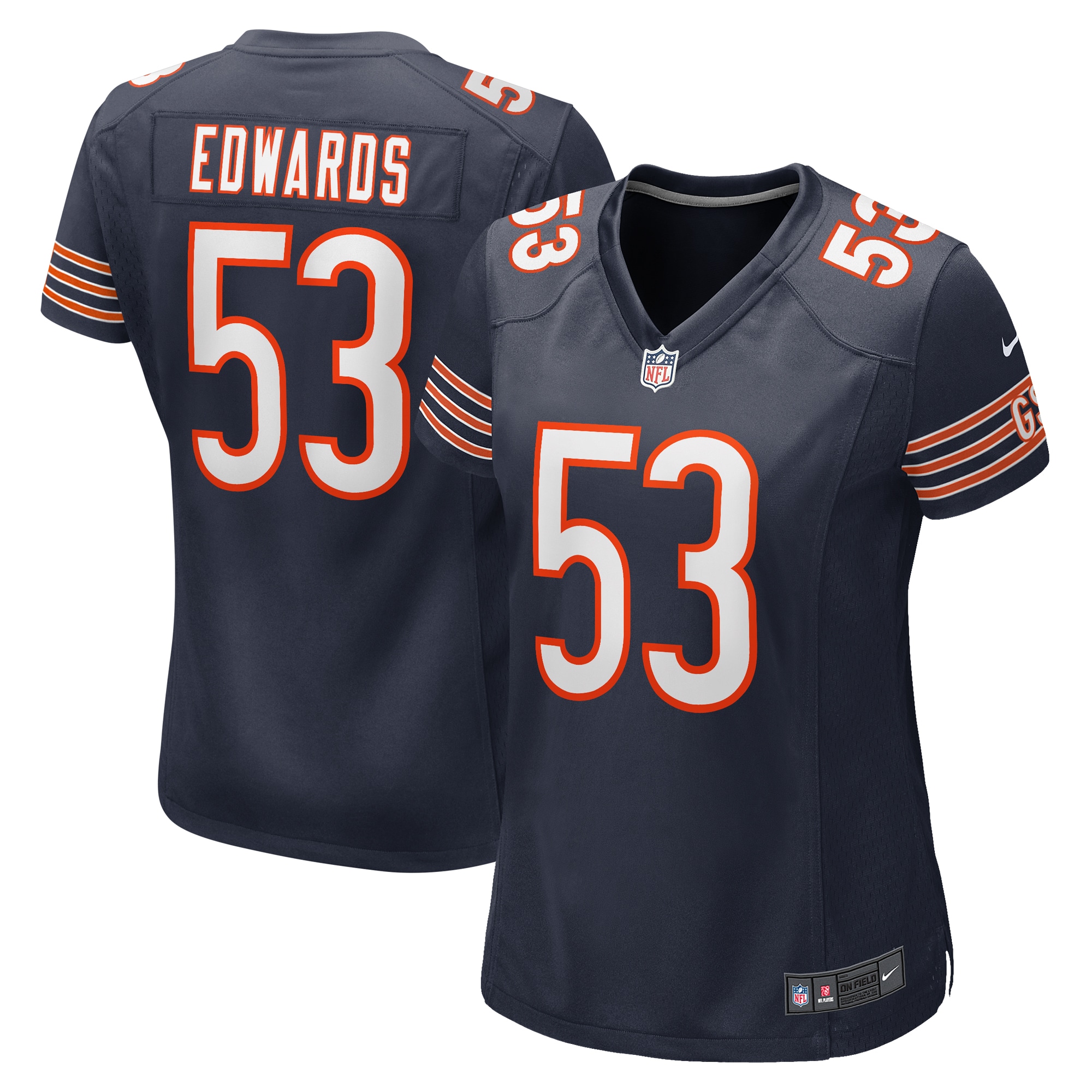 TJ Edwards Chicago Bears Women's Game Player Jersey – Navy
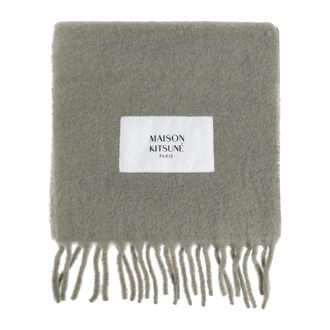 Maison Kitsuné Winter Scarves, unisex, Green, Size: ONE SIZE Alpaca Scarf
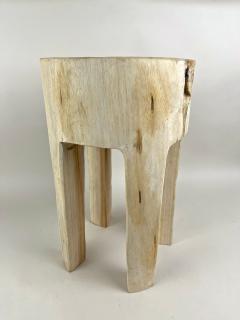 21st Century Rustic Teak Wood Stool Side Table Handcarved Modern Organic - 4691613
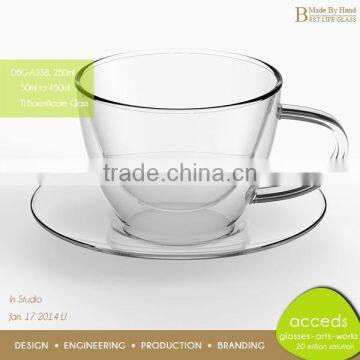 Heat Resisting Glass Custom Printed Tea Cups And Saucers Wholesale photo-3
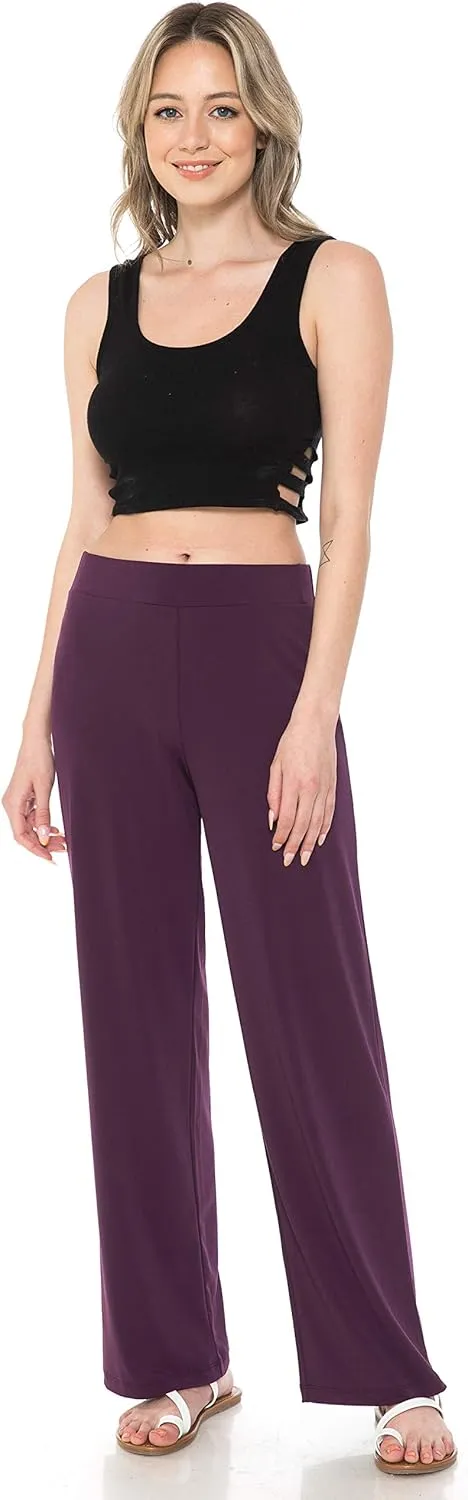 LEEBE Women and Plus Size Pull On ITY Knit Straight Wide Leg Pant (Small-5X)
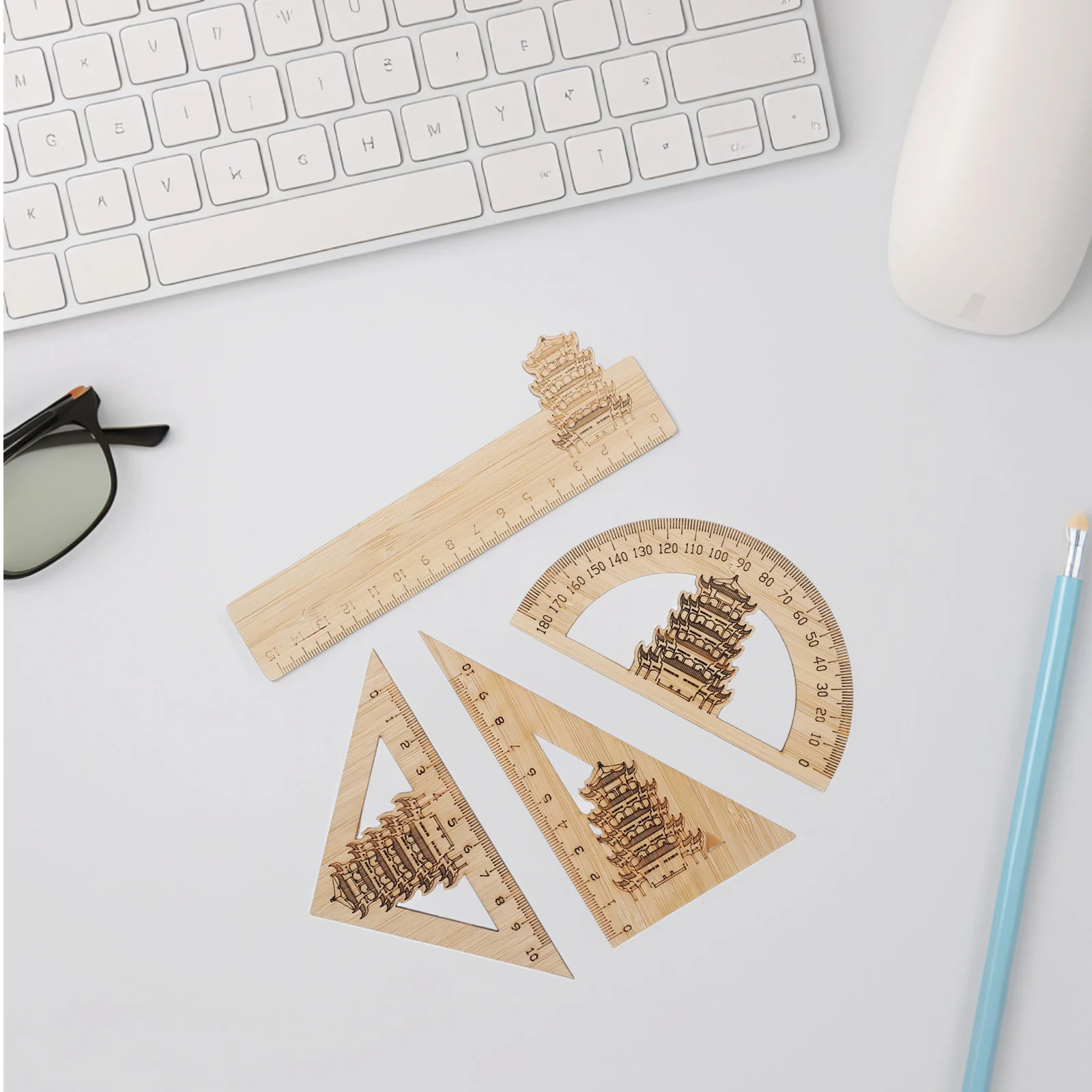 4Pcs Bamboo Ruler Set Chinese Yellow Crane Tower Design Geometry Tools Multi-Purpose Measuring Stationery for School Office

————

**Exercise aim**. Nothing but the lines from the one containing "21st Century Rustic" to the last line of the records should be returned, exactly as they appear and without pictures.

**Solution to this task**.
 21st Century Rustic Teak Wood Stool Side Table Handcarved Modern Organic - 4691613
 Heat Resisting Glass Custom Printed Tea Cups And Saucers Wholesale photo-3
 LEEBE Women and Plus Size Pull On ITY Knit Straight Wide Leg Pant (Small-5X)
 4Pcs Bamboo Ruler Set Chinese Yellow Crane Tower Design Geometry Tools Multi-Purpose Measuring Stationery for School Office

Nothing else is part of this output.